- _Your goal_: The line with "Кого только не встретишь на пробежке" and each line following it, up to the final line of the data, should be set down exactly; pictures stay out.

- _Data_:
######

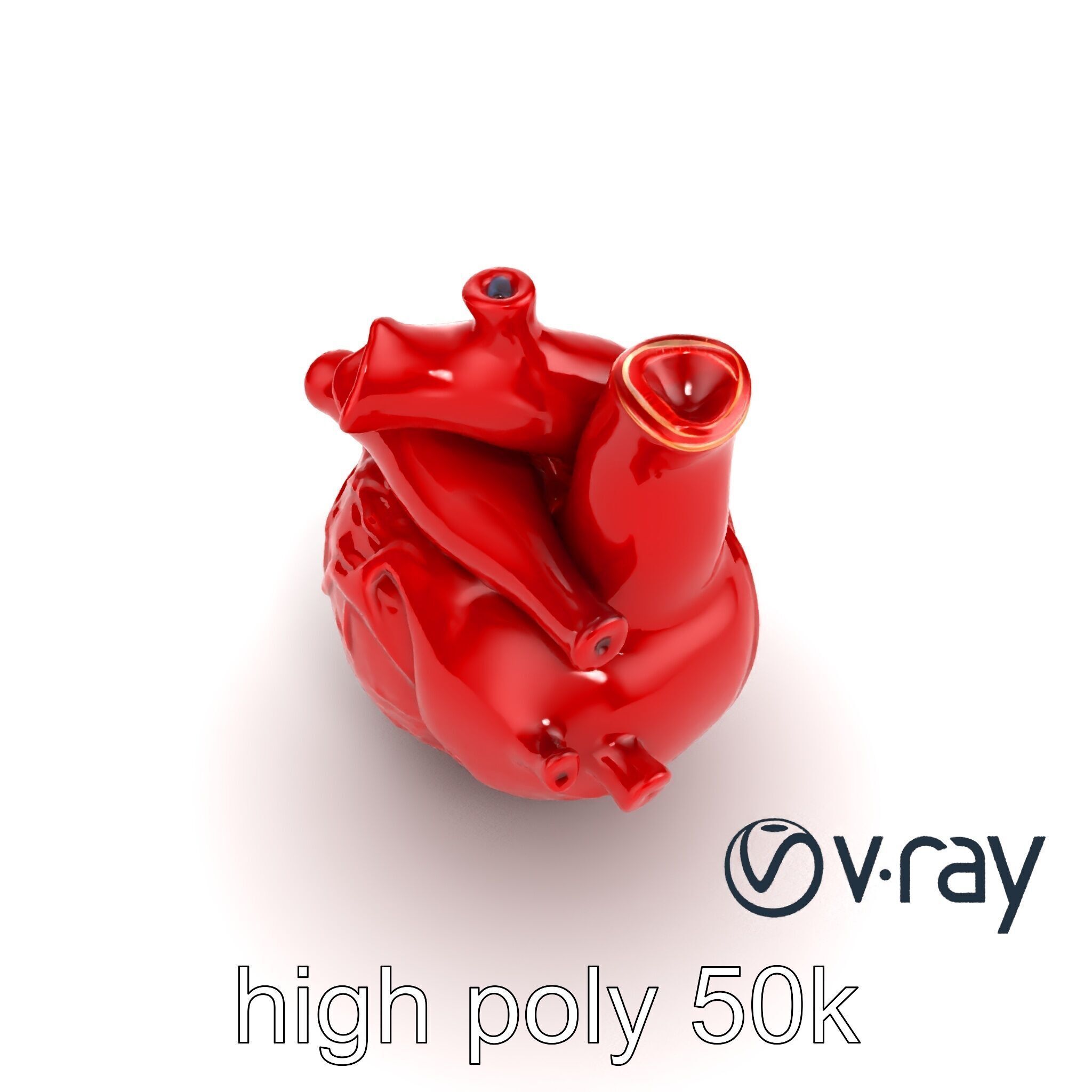 Detailed Heart Anatomy Model Pack Low-poly 3D model_12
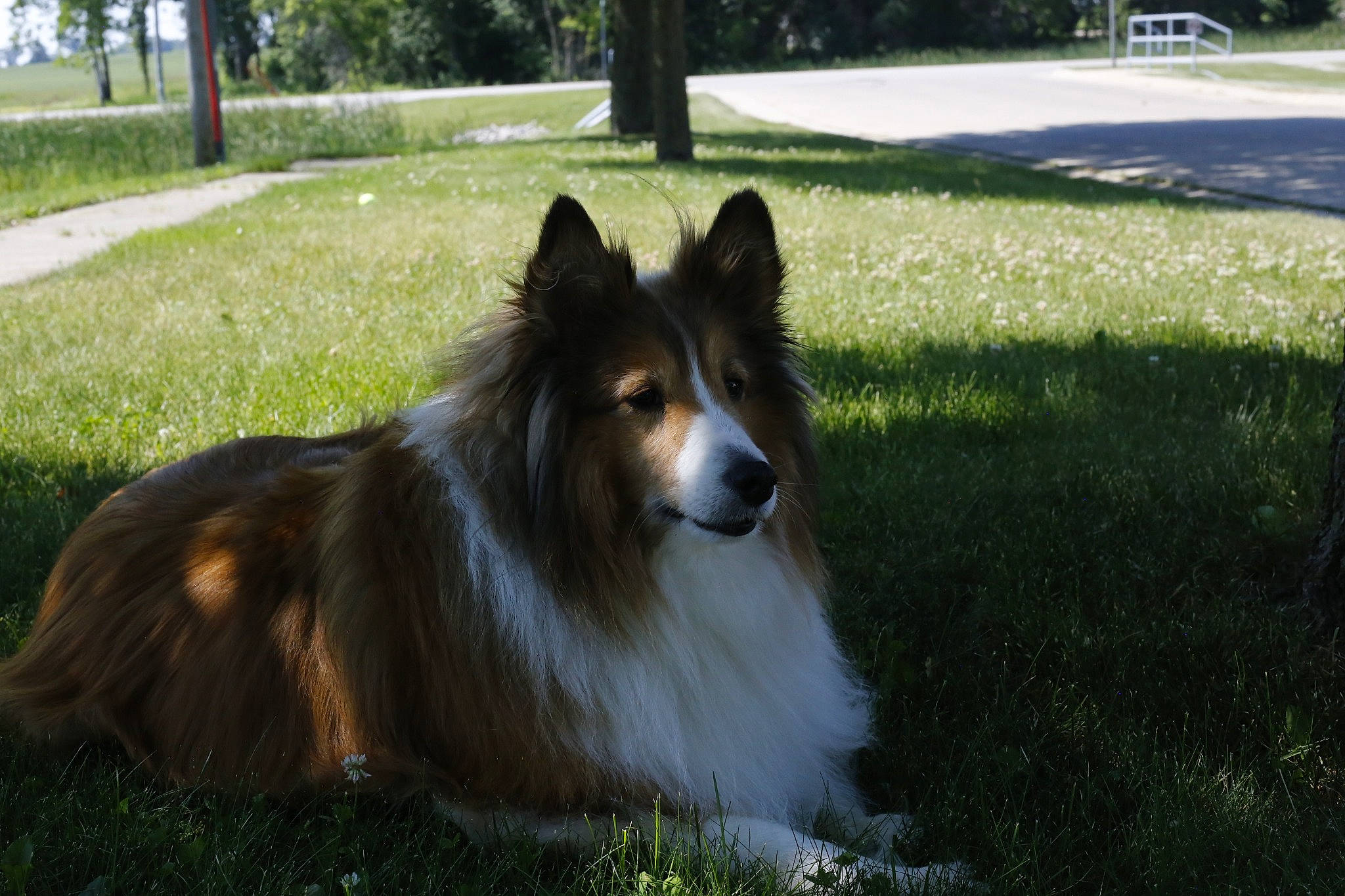 Shep is registered to the contest to win money with this photo: canidae, carnivore, collie, companion_dog, dog, dog_breed, fur, grass, herding_dog, plant, rough_collie, shadow, shetland_sheepdog, snout, sporting_group, terrestrial_animal, tree, wildlife, working_animal, working_dog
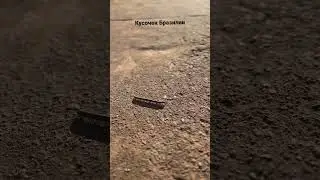 Кого только не встретишь на пробежке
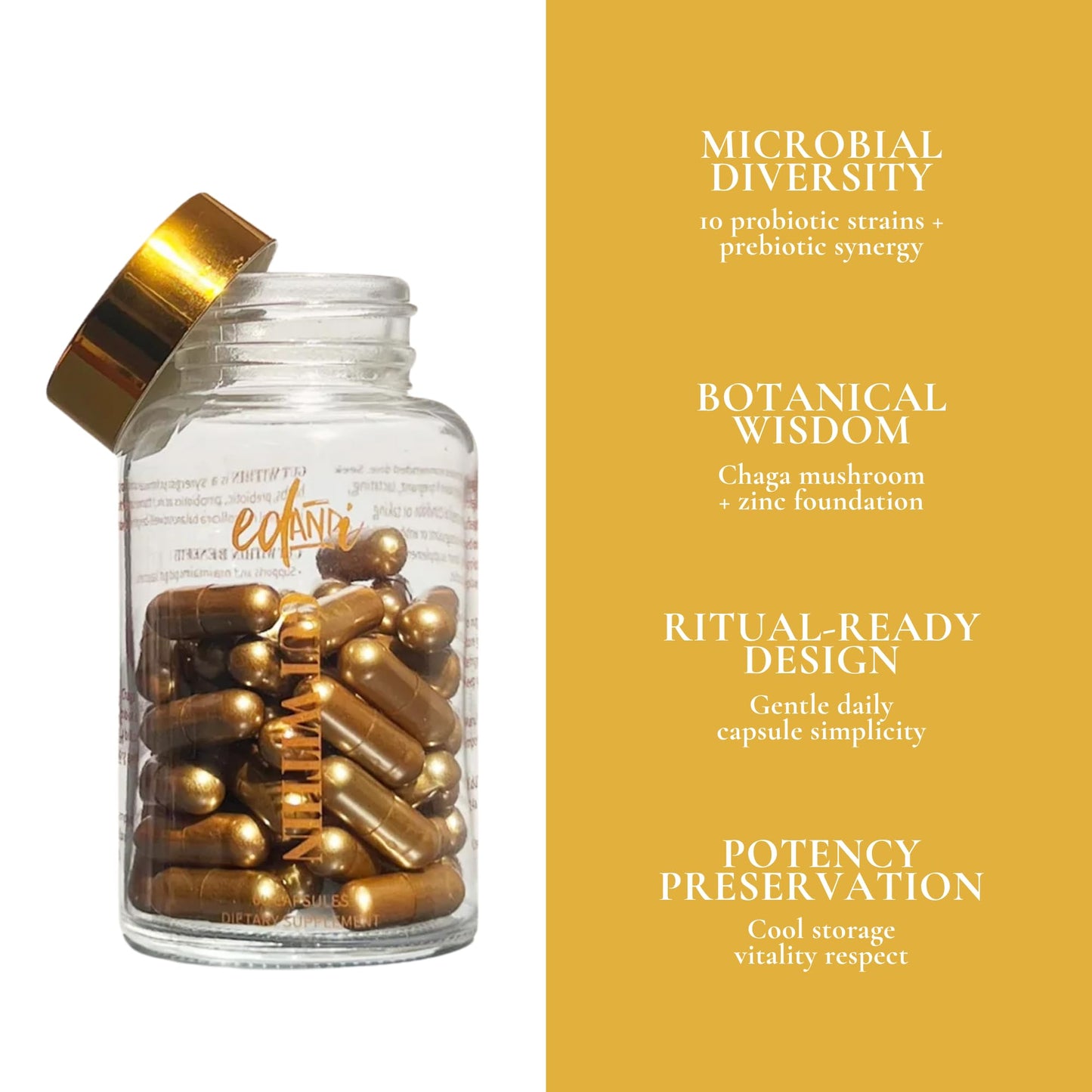 edandi Gut Within Prebiotic & Probiotic Supplement, 60 Capsules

######

- _Solution for this problem_:
 Кого только не встретишь на пробежке
 edandi Gut Within Prebiotic & Probiotic Supplement, 60 Capsules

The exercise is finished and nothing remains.